Wednesday, November 6, 2013

Did Religion Destroy the Alexandria Library?



There's a new meme running around among Progressives and militant atheists that says, "Religion is responsible for burning the famous ancient library at Alexandria, Egypt."  The story goes on that Christians burned the library and that if they hadn't we'd be living on other planets and driving flying cars today. It's easy to say what would have been from the safety of a millennium and a half distance in time and easy to assign blame when you don't have to string up crime scene tape.

It's a lot of balderdash, besides, but why "waste a good lie" to paraphrase a former White House Aid - especially when you can use it to make your enemies look bad. 

The truth is rather different.  The Alexandria library actually suffered several fires during it's history.
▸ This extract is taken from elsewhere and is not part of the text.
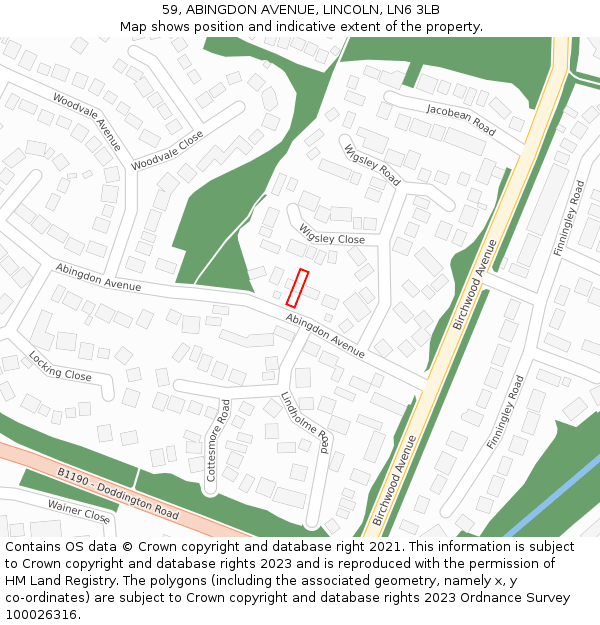 59, ABINGDON AVENUE, LINCOLN, LN6 3LB: Location map and indicative extent of plot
Julius Caesar more or less accidentally set fire to it in 48 BC during a battle for the city.

Roman Emperor Aurelian lit it up again around 270 AD during the sack of Alexandria during his war with Queen Zenobia. Troops got a bit enthusiastic and burned a goodly bit of it.

The one ostensibly Christian foray into library burning was instigated under Coptic Bishop and later Pope Theophilus.  After a spate of pagan, Muslims and Jewish attacks on Christians and a couple of riots in which everyone participated, Theophilus ordered reprisals and then promptly died. Stories have it that he had the cheeky female chief librarian, Hypatia assassinated, but he was dead well before Hypatia's murder so is not likely the culprit. In all the kerfuffle the restored library was burned in 391. It was done mostly for political reasons, but why ruin a good anti-religion story.  The Bishop at the time apparently thought all that book-learning was making it difficult to subjugate the Egyptian pagans and Jews.  Typical government thinking.

The Muslims finished off what was left when they conquered Egypt in 642.  So the idea that Christians or even "religion" destroyed the library is absurd. Virtually every decision to torch the scrolls was a political one, even those made under the guise of religion. Keeping people ignorant is a technique most frequently used by governments to insure the peons are too stupid to make trouble.  Religious people tend to revere the written word.

The only written words revered by governments are found on the Tax Rolls.